Would you please output the lines from the one holding "Neverfull Bag Louis" to the end of the entries, exactly and with no others?

Data records
^^^^^^^^^^^^^^^^

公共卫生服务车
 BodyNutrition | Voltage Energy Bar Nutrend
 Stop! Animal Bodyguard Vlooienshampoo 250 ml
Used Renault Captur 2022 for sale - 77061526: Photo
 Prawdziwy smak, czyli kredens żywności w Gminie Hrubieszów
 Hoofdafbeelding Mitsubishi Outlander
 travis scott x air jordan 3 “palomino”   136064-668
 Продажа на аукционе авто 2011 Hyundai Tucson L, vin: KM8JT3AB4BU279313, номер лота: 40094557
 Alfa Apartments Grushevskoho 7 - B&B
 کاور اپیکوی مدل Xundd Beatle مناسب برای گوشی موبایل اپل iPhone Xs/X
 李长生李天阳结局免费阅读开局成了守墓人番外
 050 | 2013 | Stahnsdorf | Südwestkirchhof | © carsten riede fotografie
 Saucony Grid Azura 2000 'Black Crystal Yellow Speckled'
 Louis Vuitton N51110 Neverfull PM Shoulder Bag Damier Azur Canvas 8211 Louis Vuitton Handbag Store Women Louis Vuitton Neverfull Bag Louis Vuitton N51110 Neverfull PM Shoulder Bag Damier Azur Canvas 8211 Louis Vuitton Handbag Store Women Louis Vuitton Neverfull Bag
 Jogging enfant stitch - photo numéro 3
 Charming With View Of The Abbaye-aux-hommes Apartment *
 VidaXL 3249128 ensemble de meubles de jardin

^^^^^^^^^^^^^^^^

> [EXPECTED OUTPUT]
 Louis Vuitton N51110 Neverfull PM Shoulder Bag Damier Azur Canvas 8211 Louis Vuitton Handbag Store Women Louis Vuitton Neverfull Bag Louis Vuitton N51110 Neverfull PM Shoulder Bag Damier Azur Canvas 8211 Louis Vuitton Handbag Store Women Louis Vuitton Neverfull Bag
 Jogging enfant stitch - photo numéro 3
 Charming With View Of The Abbaye-aux-hommes Apartment *
 VidaXL 3249128 ensemble de meubles de jardin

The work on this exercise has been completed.